A ventiquattro avevo già capito che chi aveva bisogno di essere salvato ero io. Papà aveva ripreso a parlare, aveva smesso e aveva ripreso; aveva già avuto il primo infarto ed era in attesa del secondo. Io e Marina, nell’appartamento nella palazzina accanto a quella in cui stava lui, passammo la notte ad annusarci. Lei era venuta in treno da Genova, aveva prenotato una camera nella mia stessa via; ci eravamo divertiti a guardare dalle tendine mia madre che faceva i piatti, mia madre che cucinava, mia madre che si alzava e che tornava; intanto, mangiavamo noccioline prese al supermercato all’angolo. A un tratto alzai lo sguardo, e mi parve di vedere una luce nella casa di fronte; quello fu il momento in cui papà ebbe il secondo infarto, quello definitivo. Il corpo di lei era un corpo come non ne avevo conosciuti, allenato a essere donna, con i peli, le sopracciglia, i fianchi, l’ombelico da donna; e il mio era da uomo; la mattina, dopo che m’aveva detto: Vienimi dentro, sbucciammo mandarini perché avevamo sete e fame.

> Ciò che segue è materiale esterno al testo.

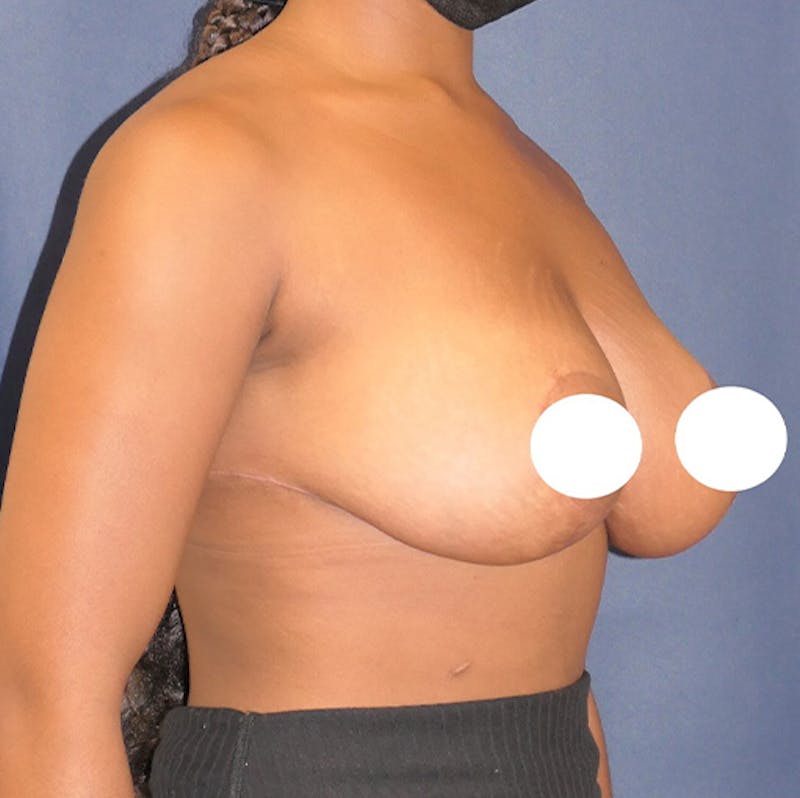 Breast Reduction Before & After Gallery - Patient 237812 - Image 10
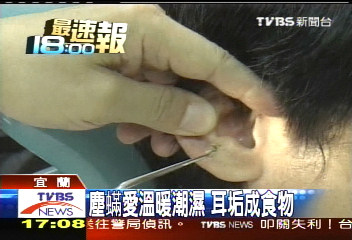 耳朵好癢! 7隻塵螨耳膜作祟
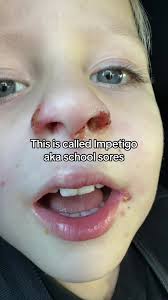 Image result for yellow scabs on the face in children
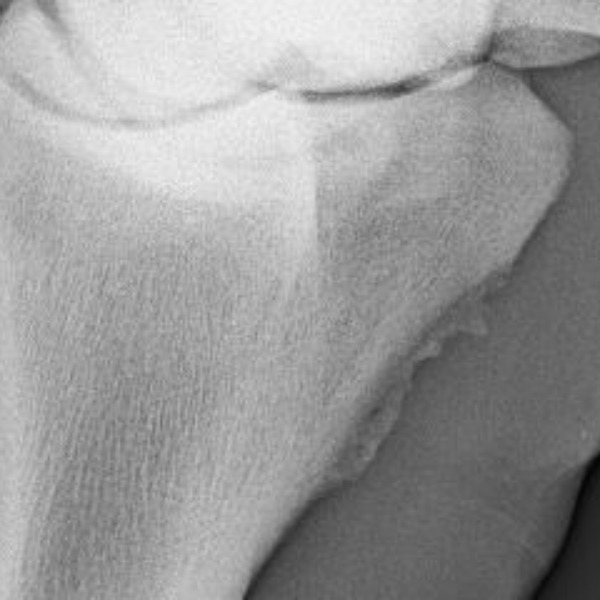 Röntgenbild eines Pferdegelenks mit knöchernen Zubildungen am Gelenkrand, wie sie bei Arthrose entstehen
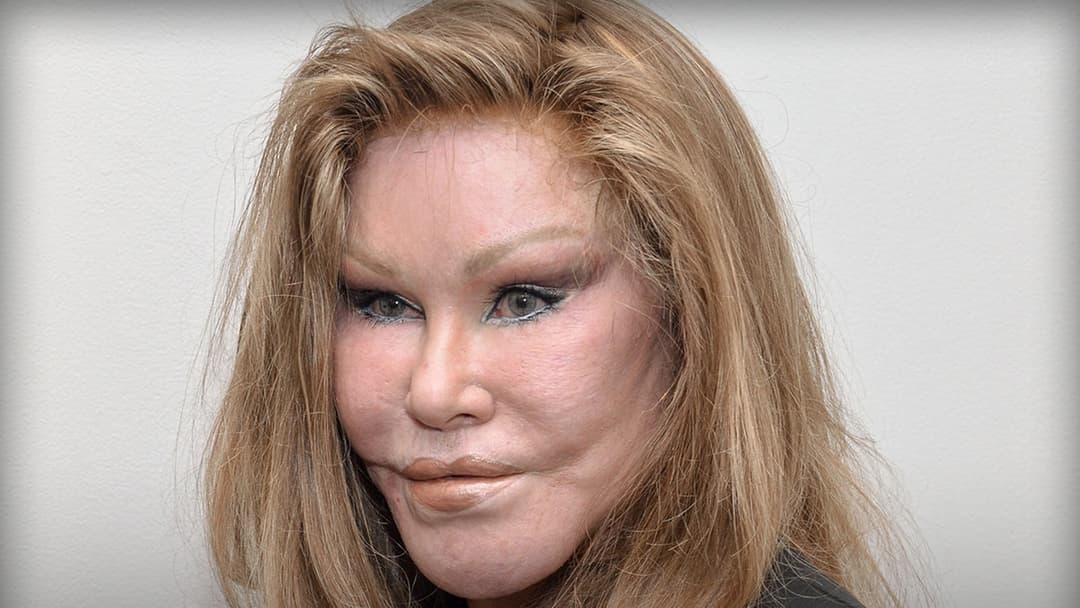 Jocelyn Wildenstein: The Life and Legacy of the "Catwoman" Icon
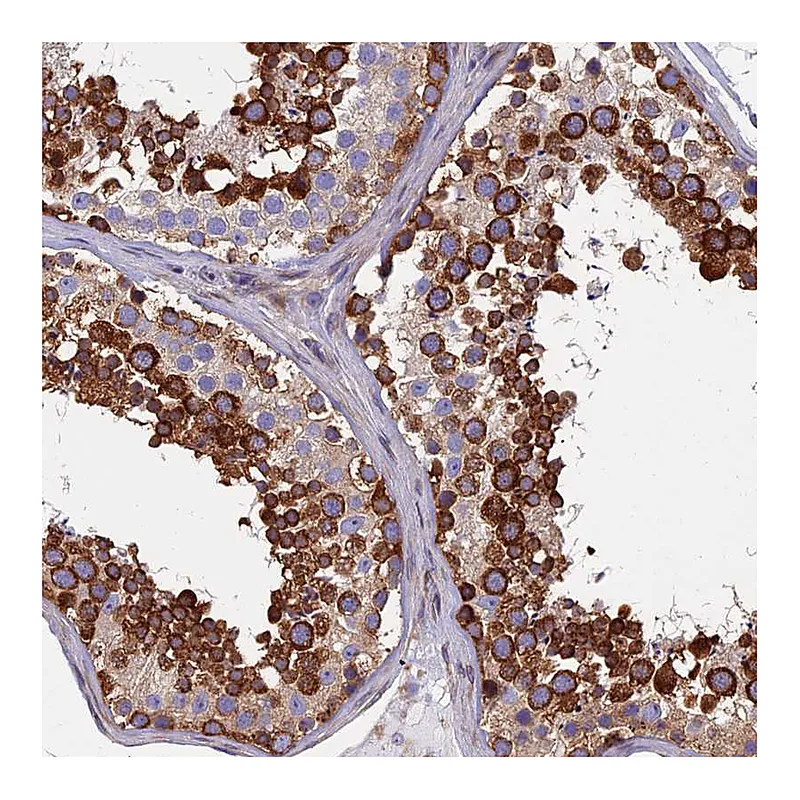 Atlas Antibodies Anti-YBX1 Antibody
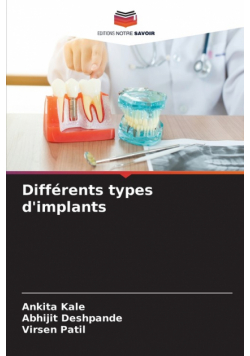 Différents types d'implants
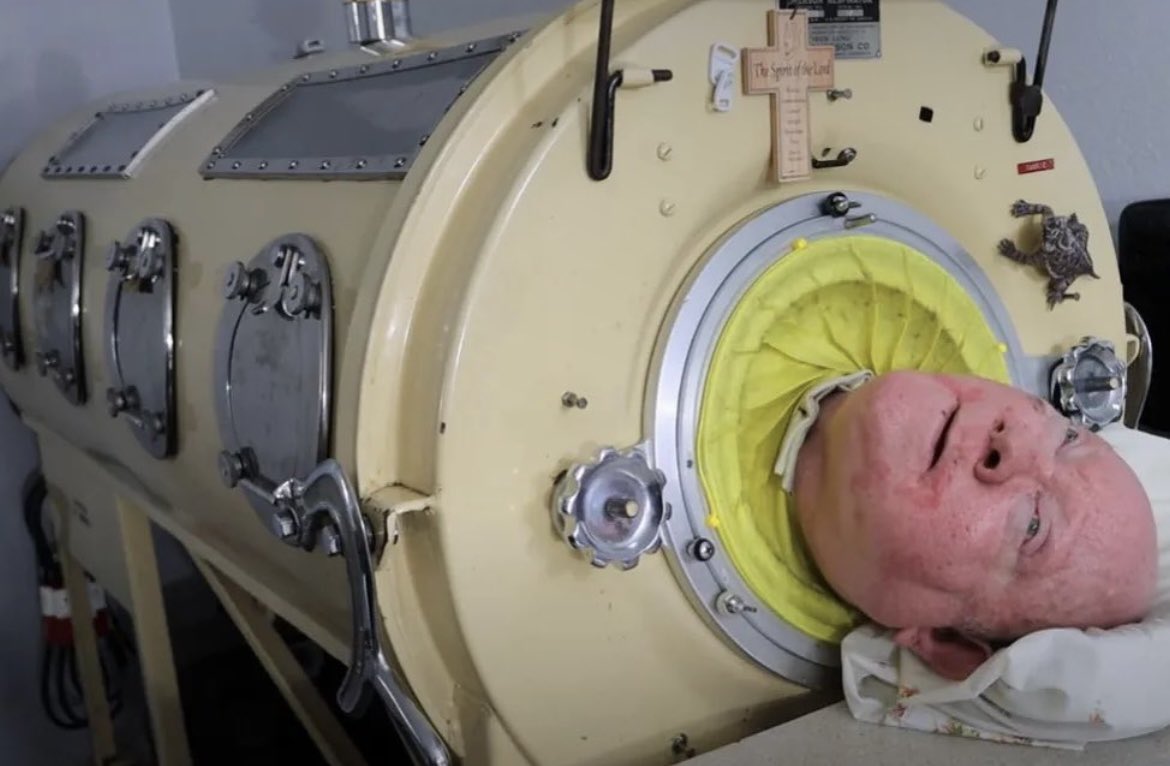 An Extraordinary Life: Polio Survivor Paul Alexander Passes Away After 70 Years in Iron Lung 1 Polio Survivor Paul Alexander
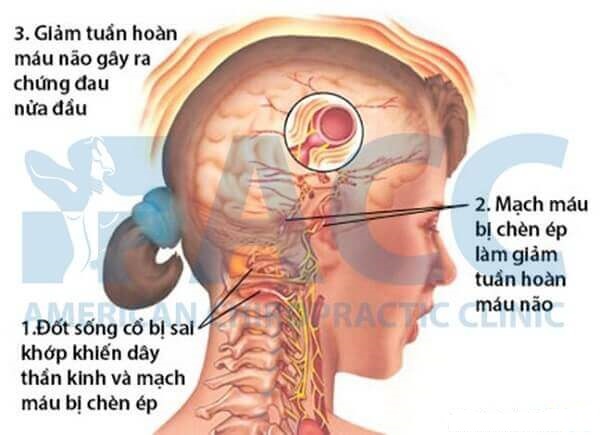 Giảm tuần hoàn máu não gây ra chứng đau nửa đầu.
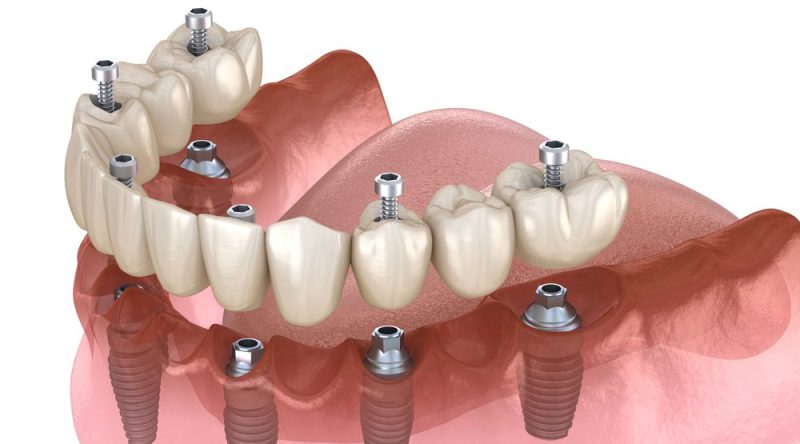 Full-arch dental implant restoration with multiple implants supporting fixed bridge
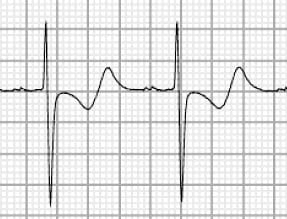 The T-Wave Explained - What Do T Waves On An ECG Represent?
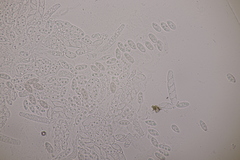 Dialonectria episphaeria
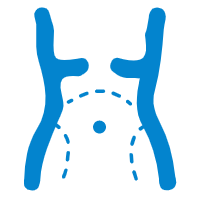 Laparoscopy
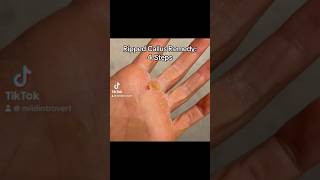 Ripped Callus Remedy ripped callustreatment callus hand remedy workout workhands cringe [upl. by Aitnas]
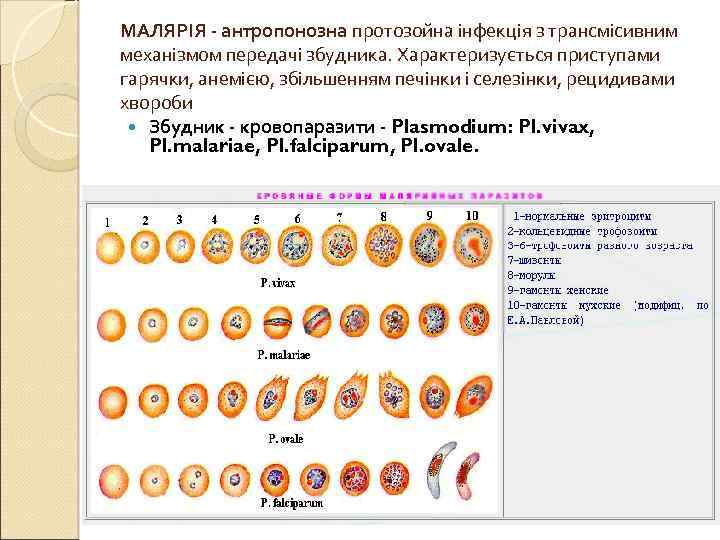 МАЛЯРІЯ - антропонозна протозойна інфекція з трансмісивним механізмом передачі збудника. Характеризується приступами гарячки, анемією,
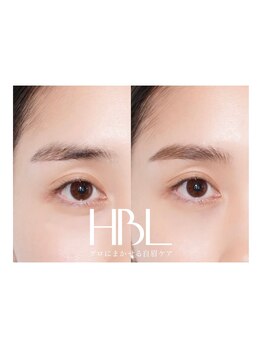 ティアム(Tiam)/ハリウッドブロウリフト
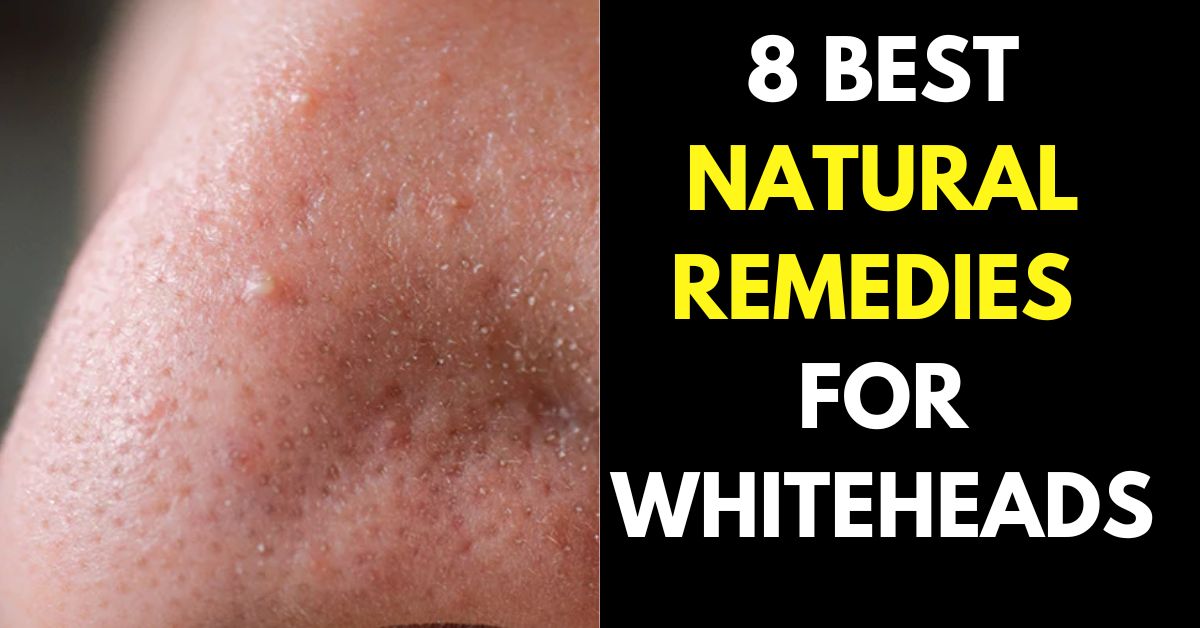 Natural Remedies to Remove Whiteheads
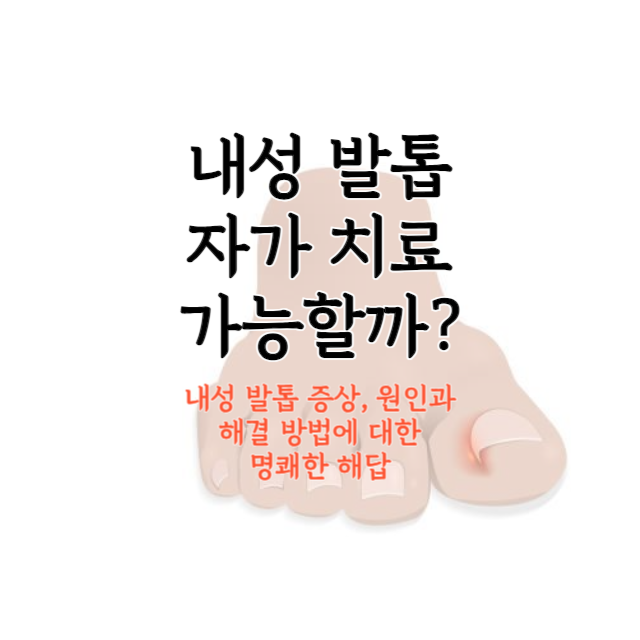 내성-발톱-자가-치료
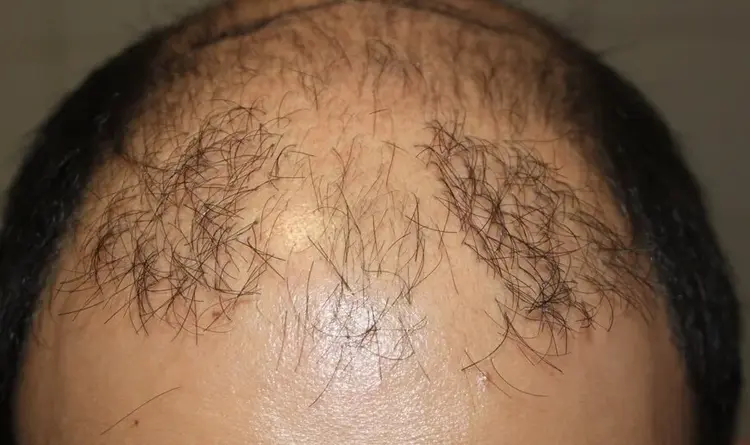 Het slechte resultaat van een mislukte haartransplantatie.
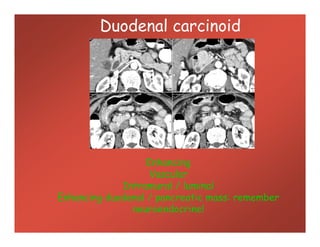 Duodenal carcinoid
Enhancing
Vascular
Intramural / luminal
Enhancing duodenal / pancreatic mass: remember
neuroendocrine!
 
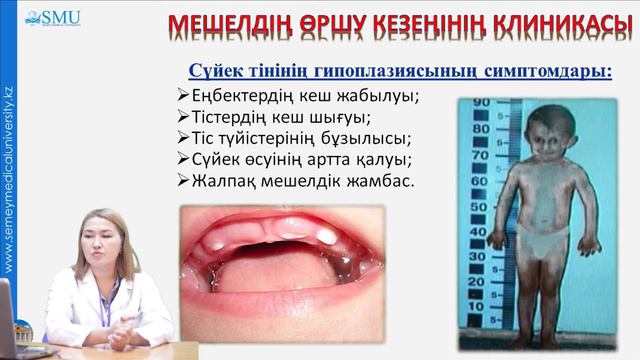 Рахит смотреть онлайн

A trent’anni, decisi che era ora di fare famiglia e di raccogliere un’eredità, per poi accorgermi che ero solo stupido.
Poi, che era ora di recuperare ogni torto.
Poi, cominciai ad andare alla stazione a guardare i treni.
5 commenti su “Intanto che esce il saggio”
Leggendo, mi è scorsa davanti agli occhi una parte di vita… Come a rincorrere sempre qualcosa che gli altri sembrano avere già raggiunto, o capito. Con un moto di ribellione dentro per il conformismo ma patendo un po’ il confronto. L’idea di giustizia che salta in aria, come chi ha combattuto per farla diventare realtà, lasciando un vuoto che non si colma nemmeno pensando di amare e sperando di essere ricambiati. Mi ci rivedo, nel non aver modo di trovare il sincrono con il mondo che, rispetto a me, gira a 33 e io a 45. Mi hai aperto una voragine di riflessioni. Bellissimo… Grazie! Luisa
È il punto del romanzo, credo. Il protagonista è fuori sincrono. E anche dopo, quando andrà in sincrono, sarà il mondo ad andare fuori…
Ti ringrazio per le belle parole, sai?
i.
Oh.
Punto.
Grazie.
Sai.
Punto.
Ecco. E adesso come si fa ad aspettare?